▶ _Task goal_
The lines you should transcribe are those from the one containing "Cozinha de casa" to the end of the listing below, exactly, with pictures left out.

▶ _Records for the task_
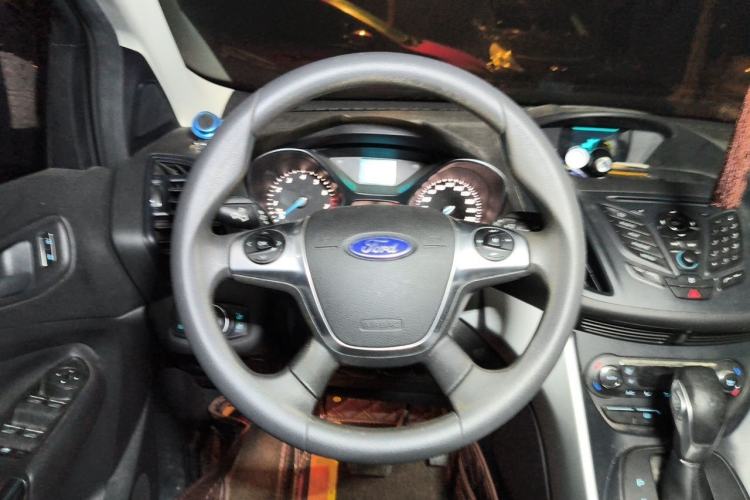 Used Ford Kuga 2015 1.5L GTDi Two-Wheel-Drive Comfort Model Steering Wheel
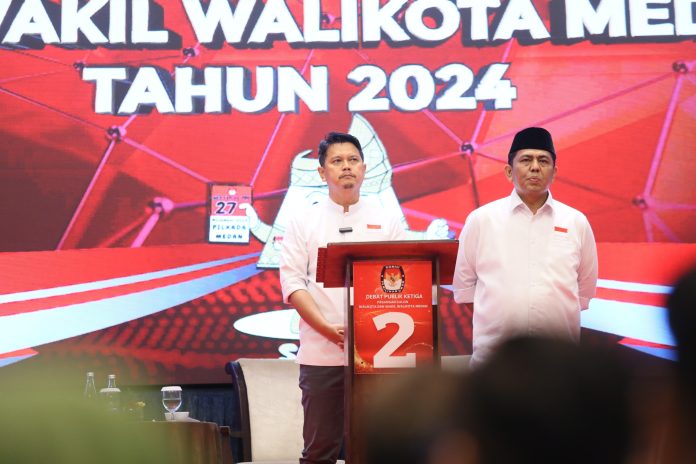 Pasangan Rico-Zakiyuddin saat menyampaikan visi misi dalam debat ketiga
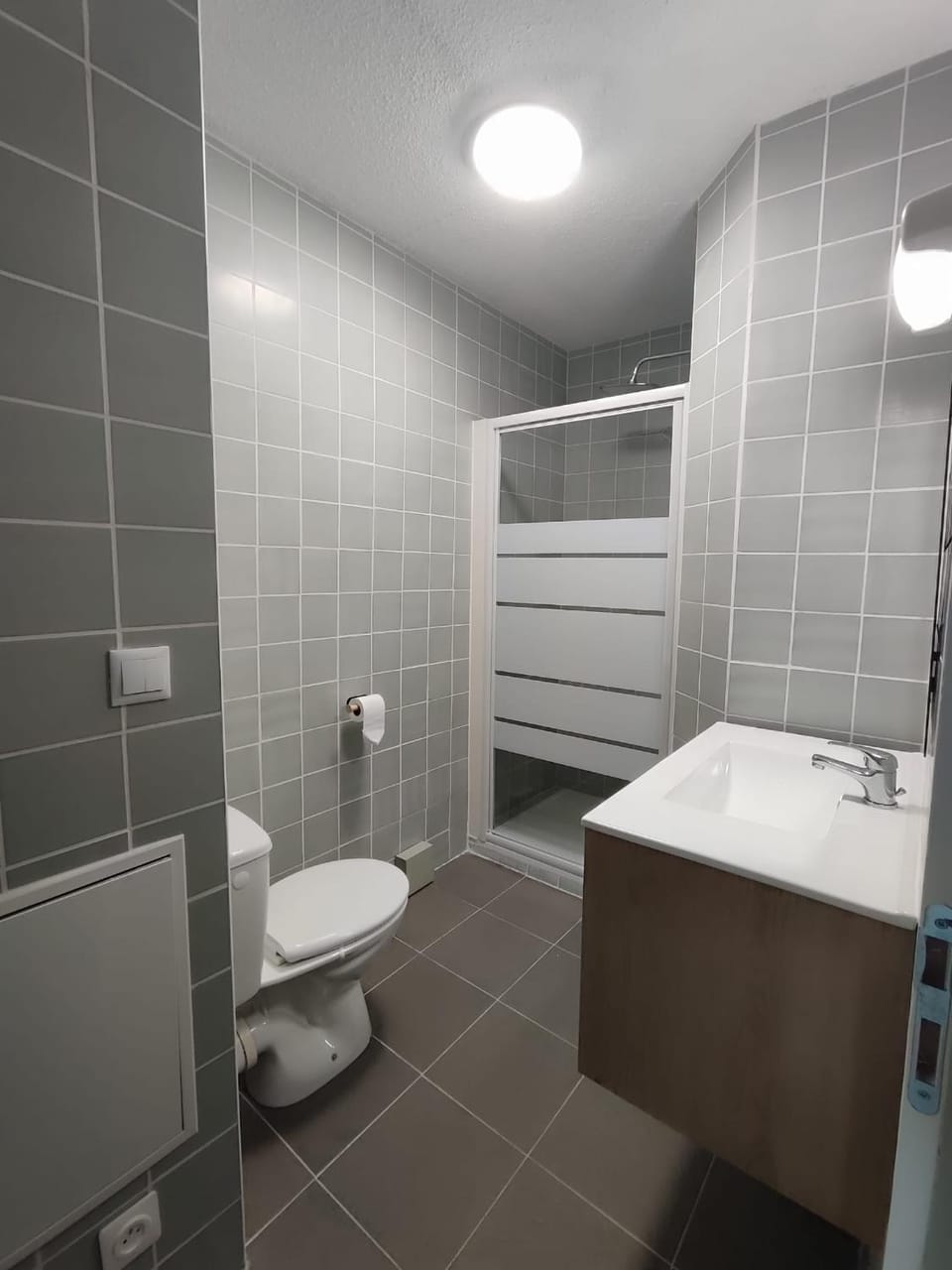 Appartement rénové vue lac et canigou 4 pers clim piscine Apartment in Le Barcarès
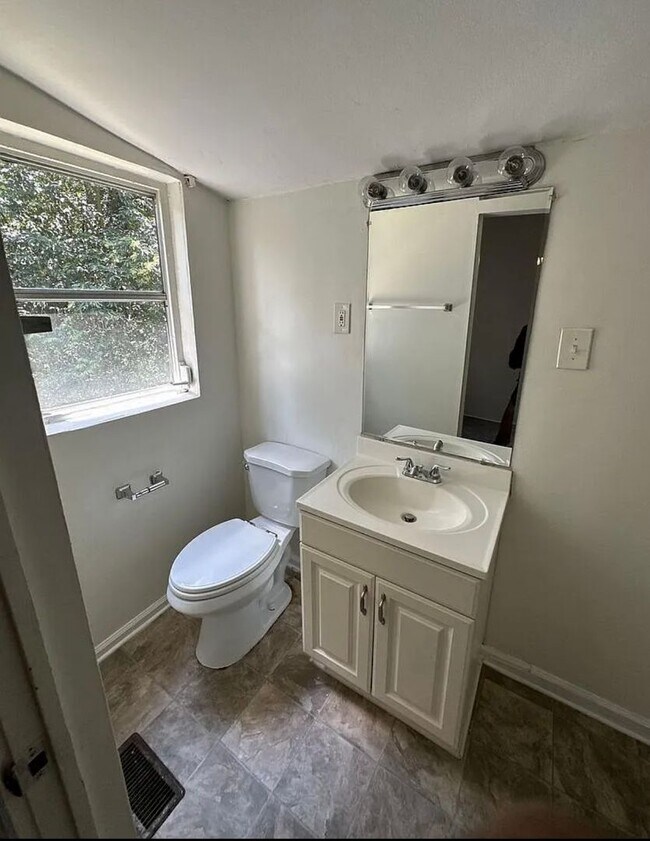 Building Photo - 3 Bed, 2 Bath Home Near Downtown Columbia!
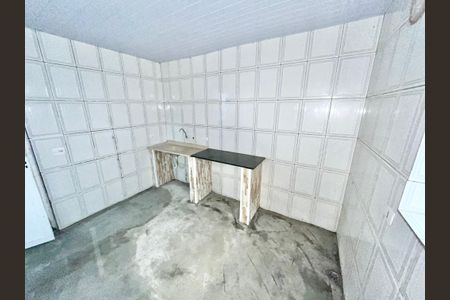 Cozinha de casa de condomínio para alugar com 1 quarto, 60m² em Vila Bandeirantes, São Paulo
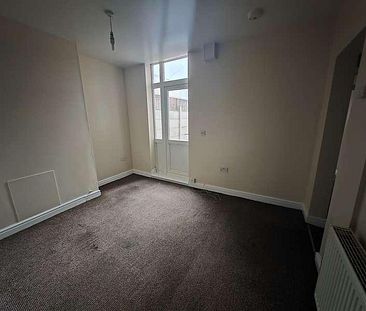 Edleston Road, Crewe, CW2 - Photo 2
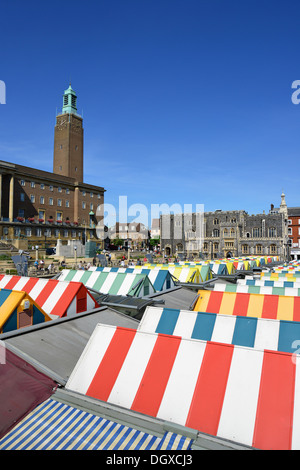 Mercato di Norwich e il Municipio, la piazza del mercato, Norwich, Norfolk, Inghilterra, Regno Unito Foto Stock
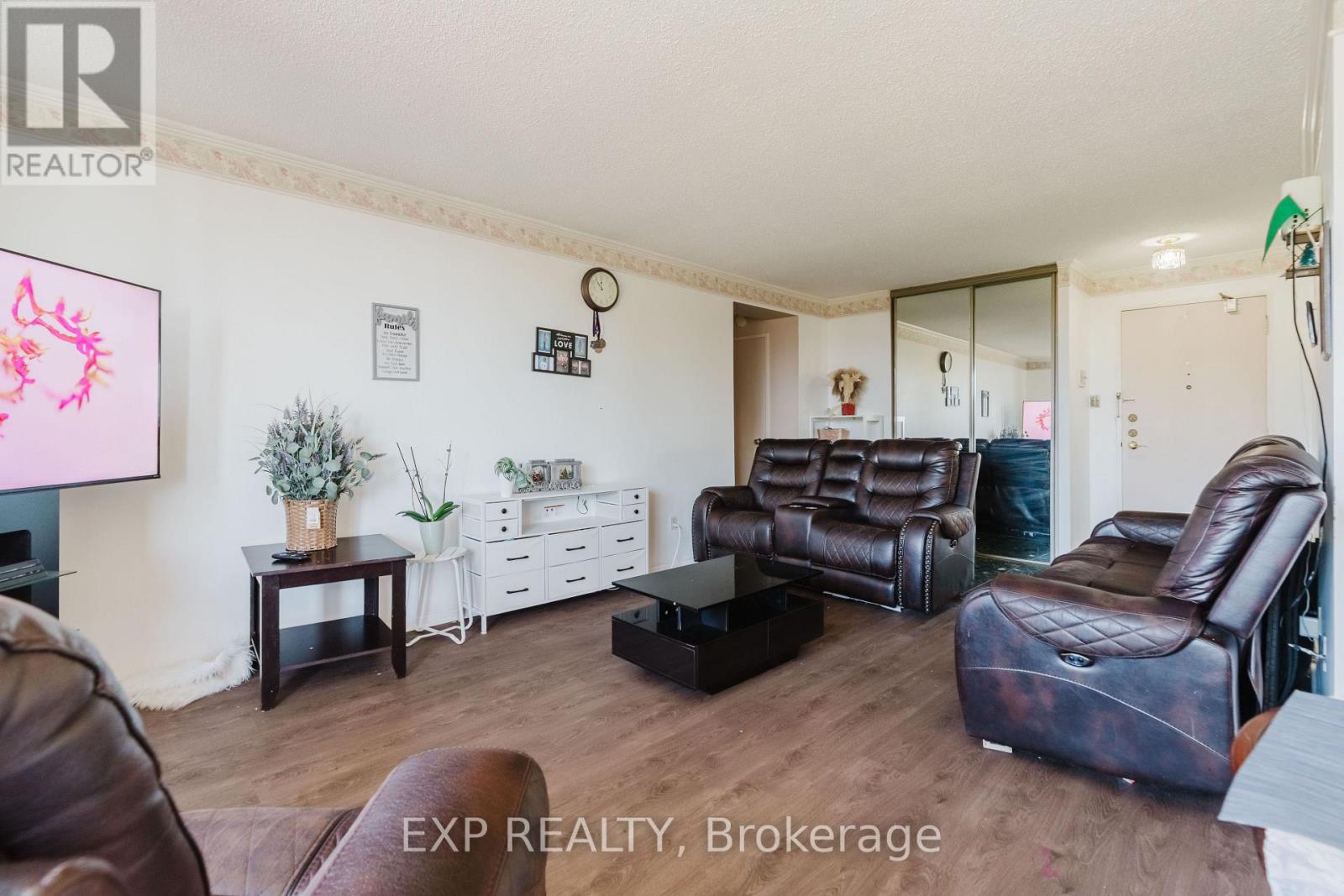 404 - 665 Bathgate Drive Property Photo 14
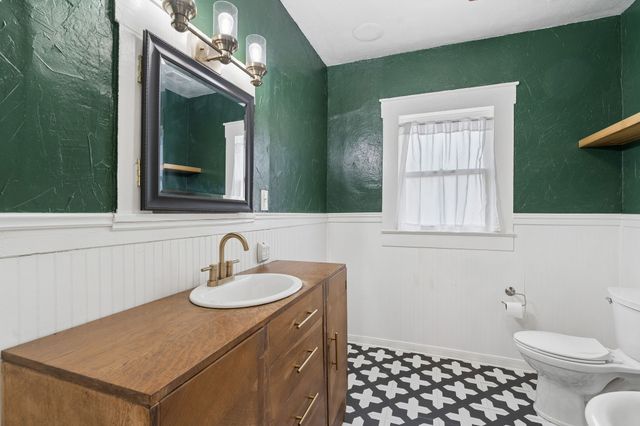 2111 Washington Avenue, Fort Worth, TX 76110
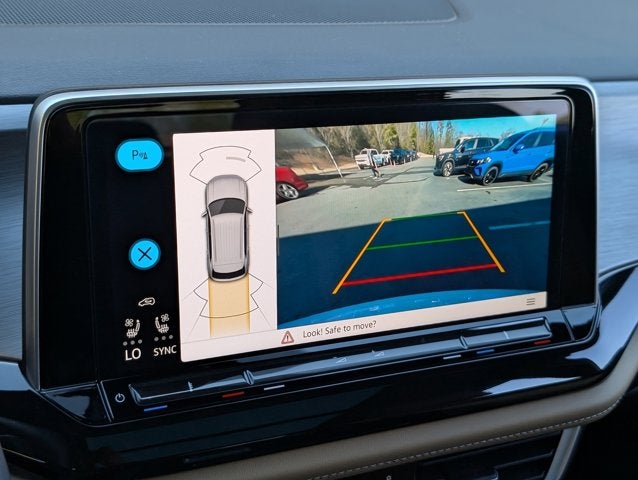 2025 Volkswagen Atlas Cross Sport 2.0T SE w/Technology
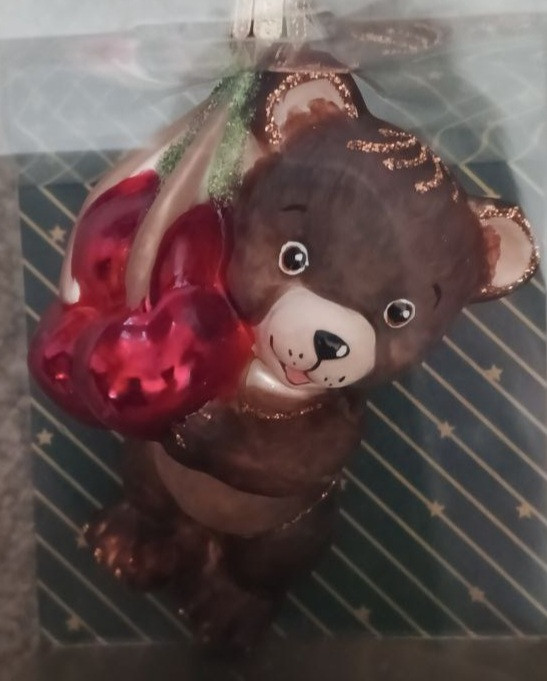 Ведмедик с вишеньками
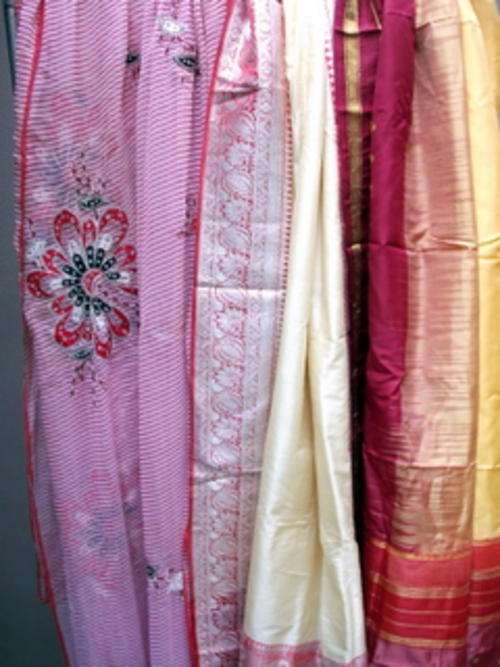 3 x PIECES VINTAGE SARI FABRIC APPROX. 5M X 1M EACH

▶ _Answer box_
 Cozinha de casa de condomínio para alugar com 1 quarto, 60m² em Vila Bandeirantes, São Paulo
 Edleston Road, Crewe, CW2 - Photo 2
 Mercato di Norwich e il Municipio, la piazza del mercato, Norwich, Norfolk, Inghilterra, Regno Unito Foto Stock
 404 - 665 Bathgate Drive Property Photo 14
 2111 Washington Avenue, Fort Worth, TX 76110
 2025 Volkswagen Atlas Cross Sport 2.0T SE w/Technology
 Ведмедик с вишеньками
 3 x PIECES VINTAGE SARI FABRIC APPROX. 5M X 1M EACH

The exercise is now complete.